El fariseo, de pie, oraba así: 'Dios mío, te doy gracias porque no soy como los
demás hombres, que son ladrones, injustos y adúlteros; ni tampoco como ese
publicano.
Ayuno dos veces por semana y pago la décima parte de todas mis entradas'.
En cambio el publicano, manteniéndose a distancia, no se animaba siquiera a
levantar los ojos al cielo, sino que se golpeaba el pecho, diciendo: '¡Dios
mío, ten piedad de mí, que soy un pecador!'.
Les aseguro que este último volvió a su casa justificado, pero no el primero.
Porque todo el que se ensalza será humillado y el que se humilla será
ensalzado".
Homilía por Fray Emiliano
Vanoli OP.
Andar en verdad, andar con
Dios
Dice Santa Teresa de Ávila que la
humildad es “andar en verdad”. Esto es: conocerse a sí mismo y aceptar tanto lo
bueno como lo mano, a fin de llevar una vida ajustada a la realidad de lo que
somos. Precisamente el Evangelio de este domingo trata de este “andar en
verdad” como condición para poder entrar en relación con Dios.

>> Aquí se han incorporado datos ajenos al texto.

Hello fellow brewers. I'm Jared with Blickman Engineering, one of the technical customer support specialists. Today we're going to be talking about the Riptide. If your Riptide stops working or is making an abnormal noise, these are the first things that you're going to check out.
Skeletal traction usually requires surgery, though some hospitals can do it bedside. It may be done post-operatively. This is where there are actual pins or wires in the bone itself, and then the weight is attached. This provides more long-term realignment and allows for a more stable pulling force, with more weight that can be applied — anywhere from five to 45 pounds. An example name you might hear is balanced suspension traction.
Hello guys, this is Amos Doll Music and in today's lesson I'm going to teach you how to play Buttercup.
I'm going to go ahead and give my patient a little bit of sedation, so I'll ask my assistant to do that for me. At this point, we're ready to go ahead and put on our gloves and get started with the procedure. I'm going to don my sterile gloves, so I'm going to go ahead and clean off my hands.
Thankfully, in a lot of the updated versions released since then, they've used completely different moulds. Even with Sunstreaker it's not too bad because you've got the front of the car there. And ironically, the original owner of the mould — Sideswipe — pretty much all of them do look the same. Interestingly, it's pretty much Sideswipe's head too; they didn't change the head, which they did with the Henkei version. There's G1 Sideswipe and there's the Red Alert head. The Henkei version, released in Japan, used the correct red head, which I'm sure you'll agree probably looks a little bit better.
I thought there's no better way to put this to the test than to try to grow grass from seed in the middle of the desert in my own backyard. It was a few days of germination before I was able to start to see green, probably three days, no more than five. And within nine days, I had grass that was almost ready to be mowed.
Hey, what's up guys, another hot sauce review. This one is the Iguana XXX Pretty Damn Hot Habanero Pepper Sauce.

Como ocurre habitualmente en el
Evangelio, Jesús adapta su enseñanza a la situación y al público que tiene
delante. San Lucas pone en contexto las palabras del Señor en el Evangelio de
este Domingo al declarar: “refiriéndose a algunos que se tenían por justos y
despreciaban a los demás.” Esta actitud a la que se refiere el Señor es por lo
tanto la clave de lectura: creerse santo y considerar que los demás son
pecadores. Se trata de la soberbia que, precisamente, es lo contrario de la
humildad.
A través de la parábola Jesús
presenta estas ideas encarnadas en dos personajes que, aunque no sean figuras
históricas, representan muy bien las actitudes o modos de presentarse frente a
Dios comunes en su época, y, probablemente, lo siguen siendo hoy.

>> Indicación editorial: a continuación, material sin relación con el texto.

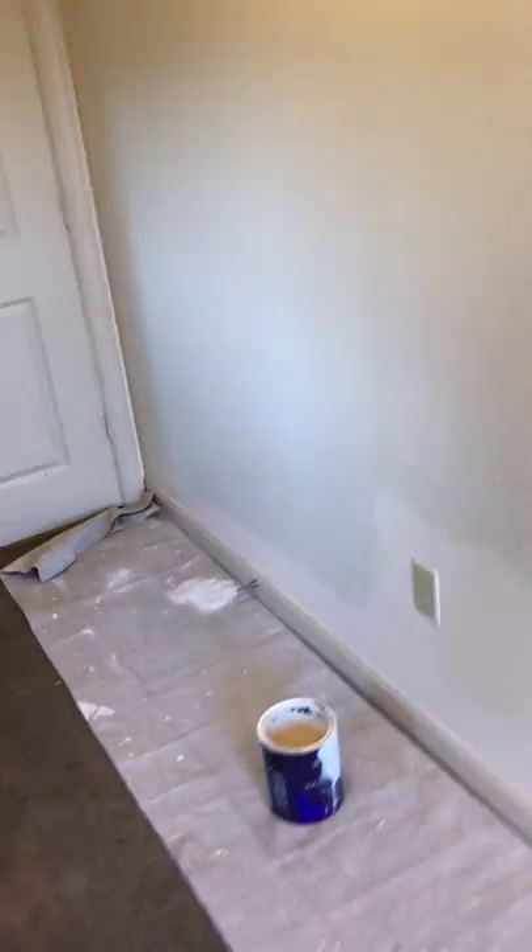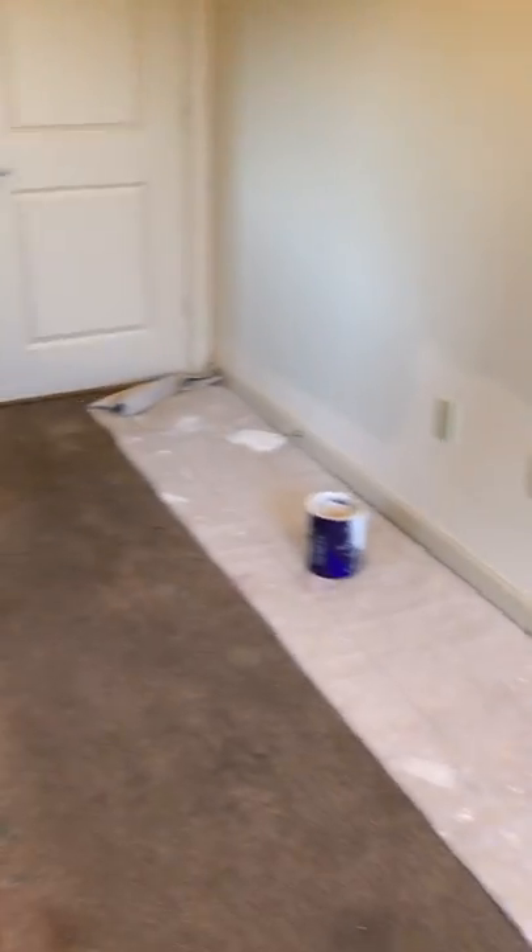The basic idea is to go around this whole room. I'm about to cut the video and just wait till I get done cutting it in to turn it back on. I'm going to go around this whole room, cut it all in — cut in all the bottoms, everything I can reach — and then we'll cut in the tops. When we get done cutting in the tops, we'll get to rolling. So that is a basic bottom cut-in of this room. We'll see you on the next phase.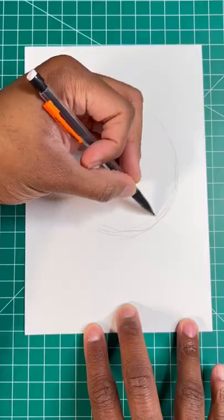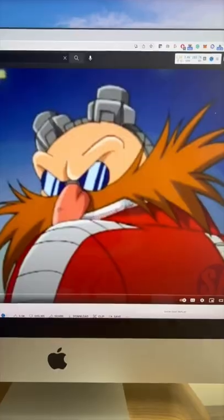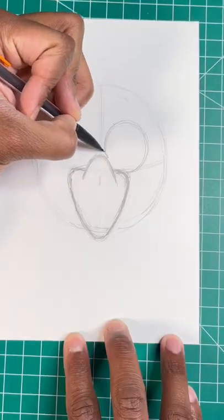Here's the easy way to draw Dr. Robotnik. Step one, draw a circle. Now let's draw a rounded triangle and a curved line for his nose. Now let's draw Eggman's glasses by drawing two ovals.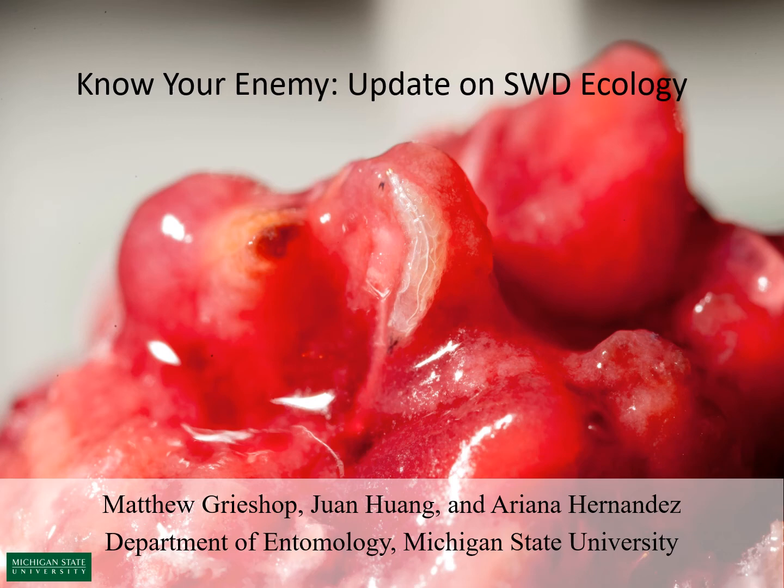Hello folks! Thanks for coming to this Know Your Enemy update on spotted wing drosophila ecology. This talk was developed by myself, Matthew Grishup, Dr. Joanne Wong, and Ariana Hernandez. We are all with Michigan State University Department of Entomology.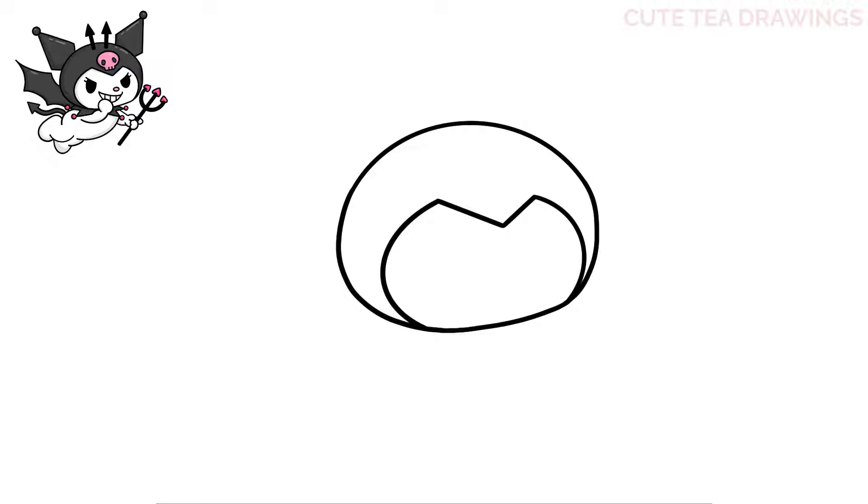Next let's draw the eyes starting with the right one. We'll start with a curve up and then a u-shape underneath on the left, and then add an eyelash on the top right like this. Next let's do the same thing for the left eye. And now let's color both eyes in black.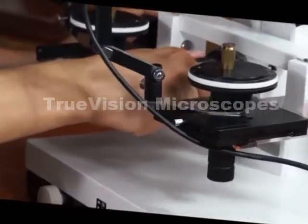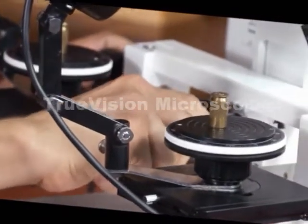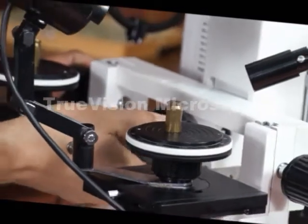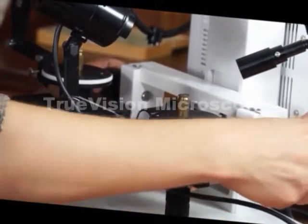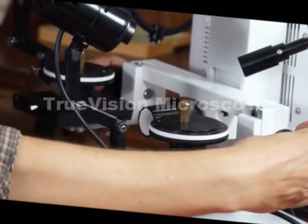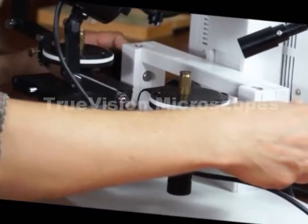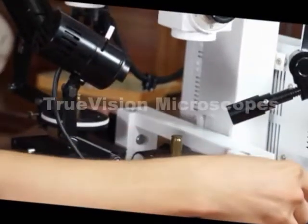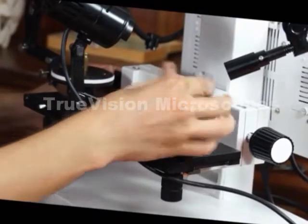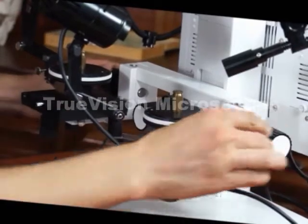This knob focuses both stages at the same time — both stages move up and down together. These knobs focus independently. So looking into the eyepieces, you have to ensure that each specimen is in focus, and you adjust both of these independent knobs to do that.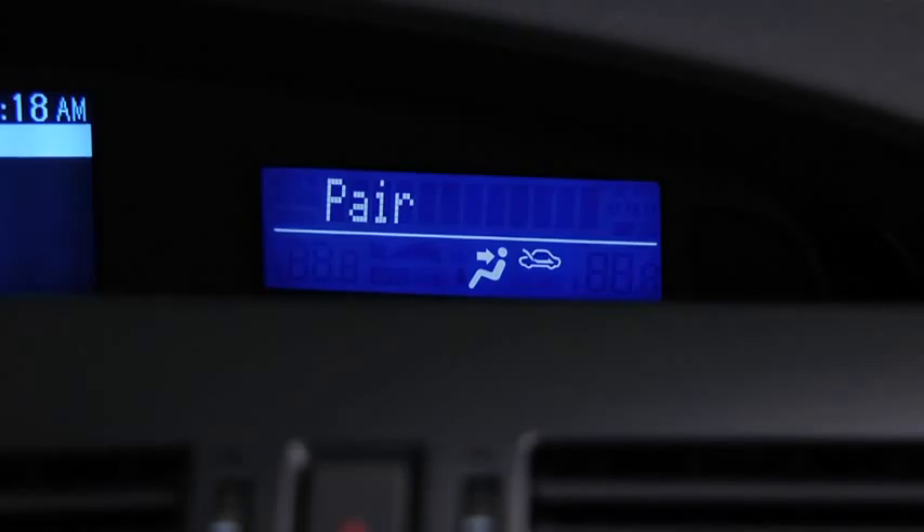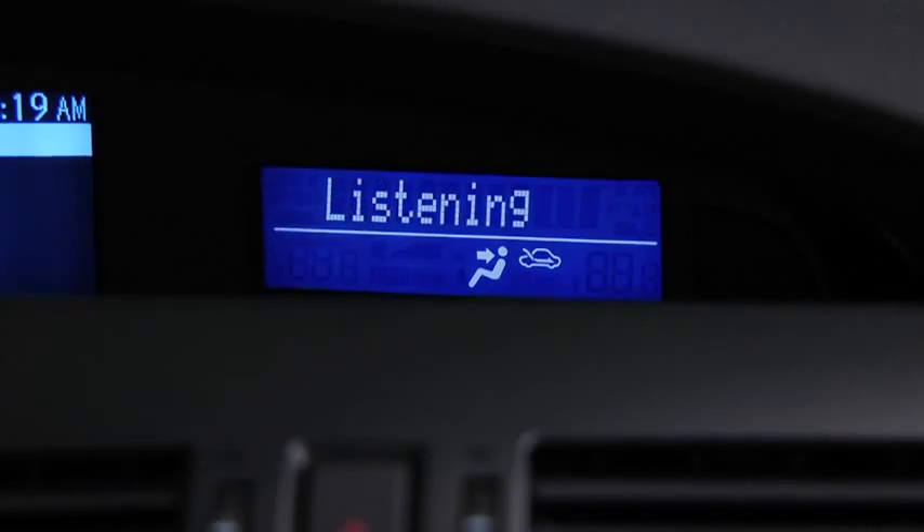Please say the name of the device after the beep. Say a name — for example, My Phone. Adding: My Phone. Is this correct? After the beep, say Yes. Pairing complete.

El fariseo es un hombre soberbio,
considera que frente a Dios debe acusar a sus hermanos (de ladrones, injustos,
adúlteros) y presentar sus obras que no solo considera buenas, sino incluso que
van más allá de la exigido por la ley (ayuna más veces, paga más impuestos). El
publicano, por el contrario, reconoce su realidad sin compararse con nadie, con
gestos de humildad (se mantiene a distancia, sin levantar los ojos, golpea su
pecho), y pide misericordia a Dios.
Ahora bien, uno podría pensar que
la diferencia entre ambos está simplemente en la actitud que tienen frente a
Dios, manifestada en sus gestos, y en el contenido de su oración, expresado por
sus palabras. Sin embargo, hay algo más de fondo aquí que nos habla de la
naturaleza misma de la oración a Dios.
Si rezar es en definitiva elevar
el corazón a Dios, y no simplemente decir algunas oraciones, entonces el
fariseo, aun cuando se trasladó hasta el templo, ni siquiera ha comenzado a
rezar. En su soberbia ha confundido el lugar material donde se realiza el culto
con el hecho de estar en presencia de Dios. En cambio, para el publicano el
templo es la ocasión donde experimentar en la verdad de su corazón la misma
presencia de Dios y su perdón.
Dicho en otras palabras, el
publicano jamás rezó, su soberbia y satisfacción consigo mismo jamás le
permitieron abrirse a Dios, por el contrario, ha quedado atrapado en sí mismo.
En cambio, la humildad y el reconocimiento de su realidad permiten al publicano
no solo salir de sí mismo, sino el encuentro con Dios e incluso el perdón de
sus pecados.
El Señor nos habla hoy a nosotros
a través de esta misma parábola, para recordarnos cómo debemos rezar. Los
peligros de la soberbia y de la satisfacción desordenada con la propia vida son
un obstáculo para tener el corazón en Dios. Necesitamos conocernos y aceptar
lúcidamente donde estamos en este momento de la vida, a fin de reconocer con
esperanza la necesidad que tenemos de Dios. Pidamos al Señor que nos dé un
corazón humilde como el del publicano, capaz de andar en verdad, para poder
alcanzarlo y andar en su presencia allí donde fuera que estemos.